UPDATE: Just realized I forgot to link to my Deadspin article yesterday on Stuart Sternberg’s Tampontreal Ex-Rays threat, Richard Nixon, Kinder eggs, and bird evolution. And now I have done so, so go read it!


12 comments on “Friday roundup: Another Islanders arena delay, Wisconsin to wrap up Brewers stadium spending but not really, Italy wins (?) 2026 Olympics

  1. Wonder when kraft will threat to take the team to Hartford ? Could takeover UConn football stadium

    • Let him go. The Revs not drawing peanuts in East Hartford is no more foolish than not drawing in Foxboro.

  2. RE: The WI repeal of the 1/2% sales tax

    As a native-born lifelong WI resident who is not a sports fan, I have to say that my objection to the building of Miller Park was never significantly based on the measly .5% sales tax, other than that sales taxes are inherently non-progressive.

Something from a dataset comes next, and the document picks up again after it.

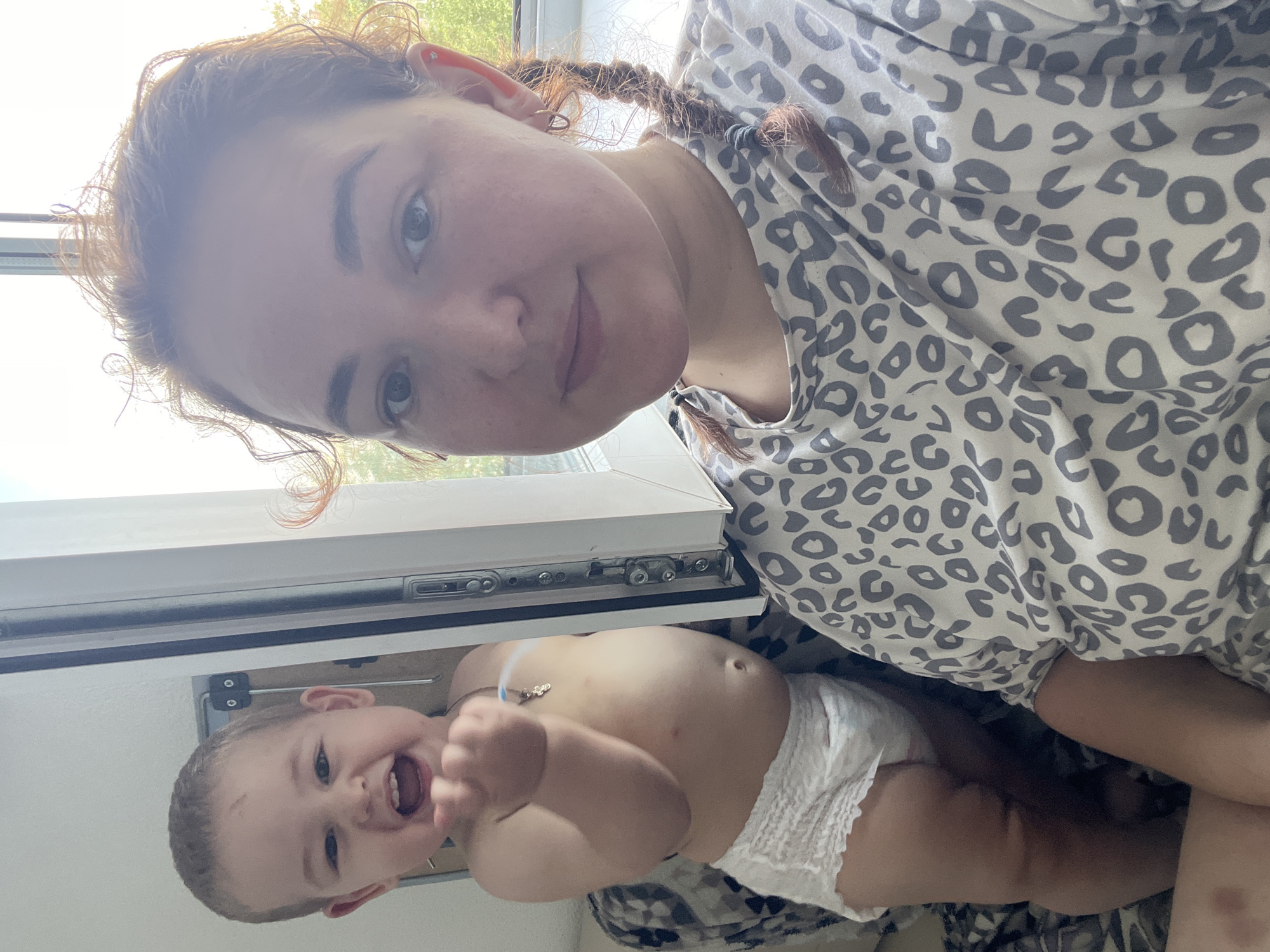 A woman and a baby are captured in a selfie, seemingly taken indoors. The woman, with auburn hair styled in braids and wearing a leopard-print shirt, is positioned in the foreground, her face close to the camera. She has noticeable freckles and is wearing a hoop earring in her visible ear.
To her left and slightly behind, the baby, wearing only a diaper, is looking towards the camera with an open mouth and an outstretched hand. The baby has a small mark on its forehead.
The background suggests a domestic setting. A window with a view of greenery is visible to the right. Part of a door or window frame with visible hardware is also present. The overall lighting indicates it's daytime, possibly with sunlight filtering in. There is no identifiable signage or landmarks to indicate the specific location within Chelyabinsk, Russia. The scene is informal and candid.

    The problem I always had was that I didn’t/don’t believe the old County Stadium needed to be replaced to begin-with! Renovated/upgraded perhaps, but IF some owners/fans wanted a new stadium (and it was always 98% about building luxury suites for the additional ‘revenue stream’) they should’ve paid for it privately. As the subsequent article linked below (ie; the Rays ‘explainer’ by Ian Malinowski) so succinctly puts it: “That’s the rub with asking for public funds, which this sports franchise is likely to do. Funding choices are a matter of opportunity costs, and for at least some of their funding pools, the local government has choices of how best to dispose of them, in order to improve the lives of their constituents.”
    “Would $500 million be better spent on transportation infrastructure like roads or rails? Or on human investment like education? Or on police, firemen, and other emergency personnel? Why would any sports franchise be a more worthwhile investment”

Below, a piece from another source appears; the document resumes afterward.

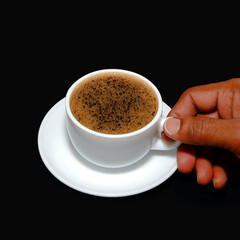 cup of coffee picking by hand close up view on black background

    I hate the fucking ‘bread & circuses’ aspect of this whole episode! Our county park system has laid-off something like 20% of their workforce over the years, here in a SE suburb of Milwaukee we’ve got a number of chronically-crappy roads in really bad shape, etc, etc, and — like most midwestern cities— industry continues to exit to offshore locations leaving low-paying service jobs in its wake (‘thank you’ Ronald Reagan & Bill Clinton) but we HAD to subsidize a new stadium so the owner could make more money on the luxury boxes! This country is squandering too many of its opportunities to implement humanitarian solutions to its many problems.
    Though perhaps not its primary interpretation, the following lyric captures my sense of pessimism about our political situation that is all-too accurately represented by these stadium debacles that NdM informs us on:
    “I tell you this, no ‘eternal reward’ will forgive us now for wasting the dawn.“ from ‘Texas Radio & The Big Beat’ by Jim Morrison

    • The more that massive TV revenues flow into high end professional sports, the more the lie is exposed that teams “need” taxpayer funding for their facilities.

      You can make the argument (though it is not necessarily a strong one) that minor league and amateur sports facilities do require subsidy as there simply is not enough revenue in an MiLB or ECHL business to possibly pay for even a modest stadium.

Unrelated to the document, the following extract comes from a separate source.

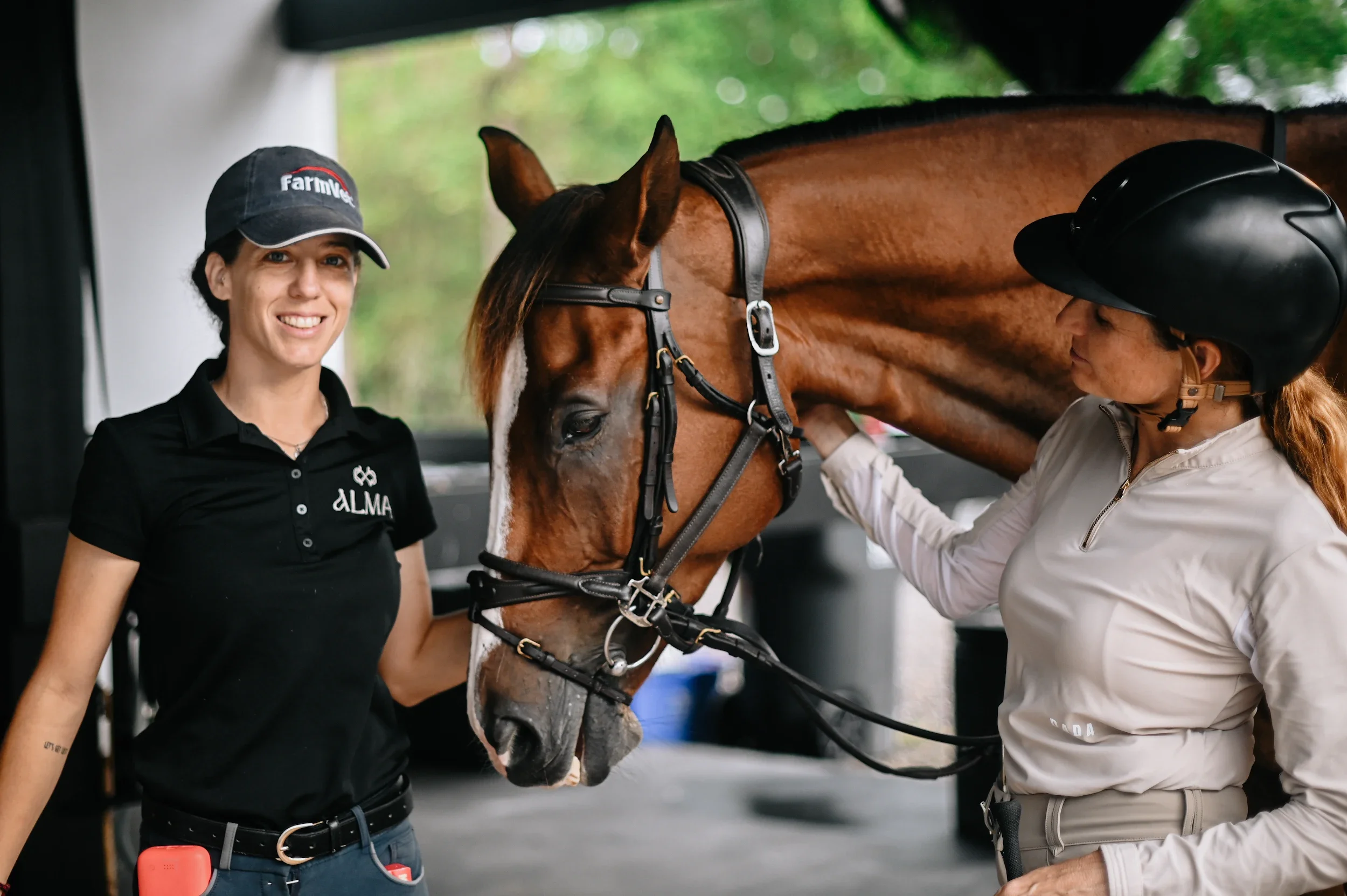 Two women and a horse inside a stable. One woman, in a black shirt and cap, is smiling and holding the horse's bridle. The other woman, wearing a helmet and riding gear, is gently touching the horse's neck, which has a shiny chestnut coat.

      When talking about sports leagues with team salary caps between $80-200m, however, the argument for taxpayer subsidy is simply ludicrous. What, an NBA or MLB team can pay a single player (sometimes more than one per team) $30m annually, but can’t float a mortgage on a $450m stadium? Do these thieves really think we are that bad at math?

      I’ve changed my view on PSLs over the years too. When they first were implemented I was outraged… yet another method of fleecing fans for the “privilege” of a place in line to buy tickets (hey, why don’t car dealers or grocery store owners do this too? Why only charge for the new car/bag of carrots when you can sell the theoretical place in line to buy it?).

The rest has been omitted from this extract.